01 Mar 2017 / 05:40 H.

    KUALA LUMPUR: CIMB Group Holdings Bhd, which posted a record net profit and revenue for the financial year ended Dec 31, 2016 (FY16), is optimistic on FY17 on the back of sustainable loan growth, continued cost controls and expected improvement in provisions.
    Group chief executive Tengku Datuk Seri Zafrul Aziz said it expects a loan growth of 6%-7% this year, similar to last year’s. Loan growth grew 8.7% last year on the back of Malaysia loans expanding 10.5% year-on-year in FY16. Stripping away the foreign exchange (FX) effect, CIMB’s loan growth was 6.4% in FY16.
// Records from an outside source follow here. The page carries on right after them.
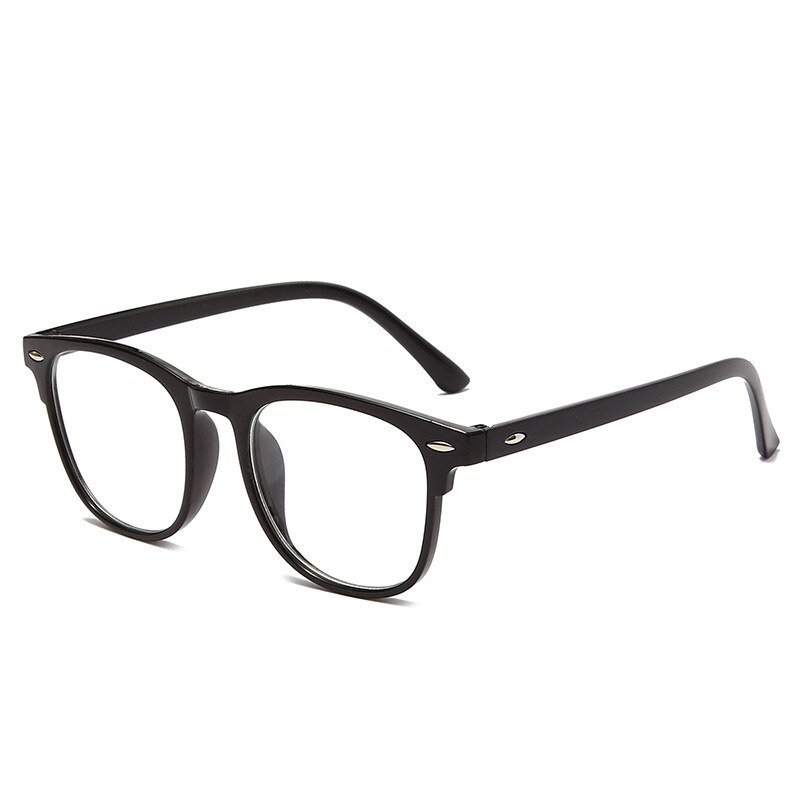 Transparent Computer Glasses Frame Women Men Anti Blue Light Round Eyewear Blocking Glasses Optical shooting Spectacle Eyeglass: black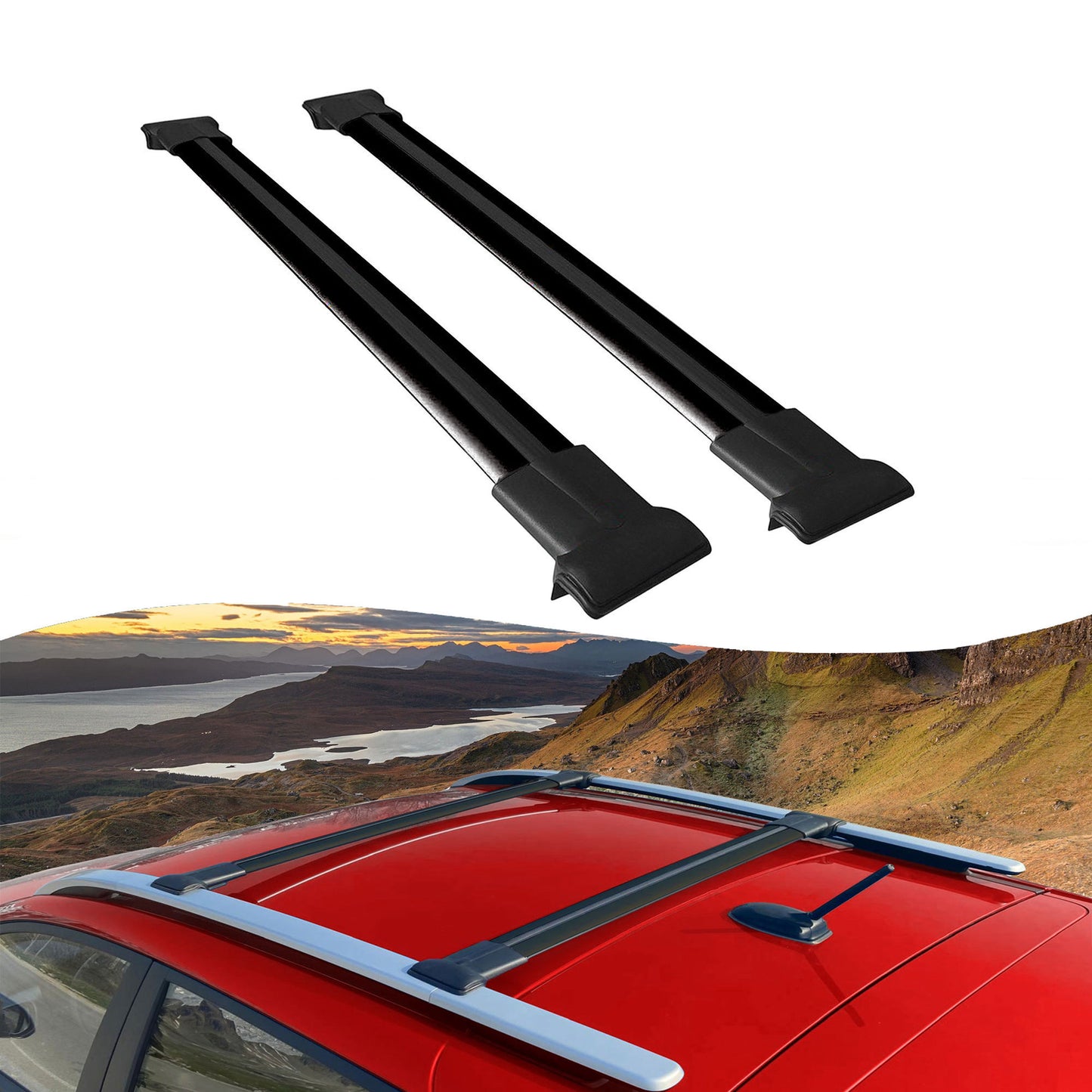 Roof Racks Cross Bars For Ssangyong Rodius 2 2013-2018 2 Pcs Black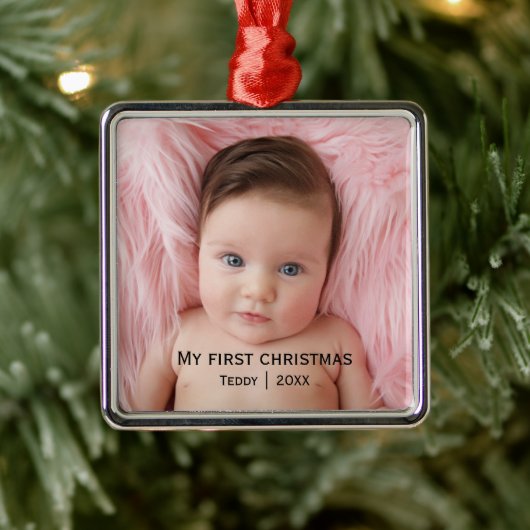 自分の初めてのクリスマス写真 メタルオーナメント (ツリー)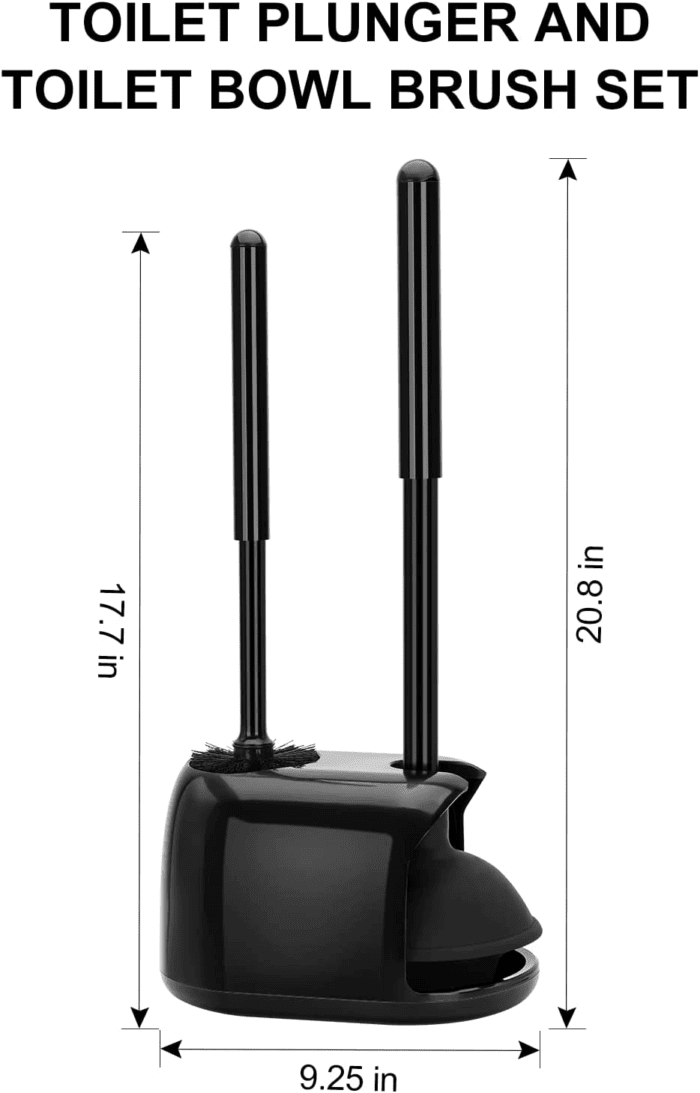 Toilet Brush and Plunger Set, Toilet Plungers for Bathroom Heavy Duty Toilet Bowl Brush and Holder Hidden Toilet Plunger and Brush Set for Deeply Cleaning - Black - Image 2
    “This year we expect the ringgit to stabilise so there won’t be any FX effect on loan growth. It will be relatively flat year-on-year,” he said at a press conference after announcing its FY16 financial results here yesterday.
    Zafrul said the loan growth for CIMB’s Malaysian business grew ahead of the industry’s in FY16 and it should continue to be in the region of 10% for Malaysia this year, being in a positive correlation with economic growth.
    CIMB will continue to instill cost discipline across all businesses to achieve its T18 target cost-to-income ratio (CIR) of 50% by end-2018. It is targeting a CIR of below 53% in FY17, after CIR improved to 53.9% in FY16 compared with 55.6% in FY15, in line with the improved revenues and strict cost control measures.
    “As long as we continue to grow income faster than cost year-on-year, and we’ve seen that through consecutive years of positive jaws, you’ll see continued improvement in CIR,” he said, adding that it is investing more on digital banking to improve CIR as it improves productivity.
    CIMB expects its net interest margin (NIM) to compress by 10bps this year, mostly due to its Indonesian business. CIMB’s NIM was marginally lower at 2.63% for FY16 mainly driven by higher cost of deposits in Malaysia. It is also targeting a return on equity of 9.5% for FY17.
    Zafrul said the bank was tempered by higher provisions in Singapore and Thailand last year. He said Singapore was impacted by the oil and gas sector, while Thailand was impacted by the rice sector.
    “We expect provisions in Thailand and Singapore to be lower than FY16,” said Zafrul, adding that Indonesia’s profitability had grew 500% mainly because of lower provisions.
    Meanwhile, Zafrul updated that CIMB is finalising negotiations with China Galaxy Securities Co Ltd on its 50:50 joint-venture stockbroking business, which is expected to complete by April.
    CIMB saw its Q4 net profit rise 4.7% to RM854.39 million in the fourth quarter ended Dec 31, 2016, from RM825.74 million a year ago from improved net interest income. Its revenue jumped 6.7% to RM4.31 billion compared with RM4.04 billion in the previous year’s corresponding quarter.
    For the full year FY16, its net profit surged 25% to RM3.56 billion from RM2.85 billion in FY15, driven by continued momentum in the consumer franchise. Revenue rose 4.3% to RM16.07 billion compared with RM15.40 billion in FY15.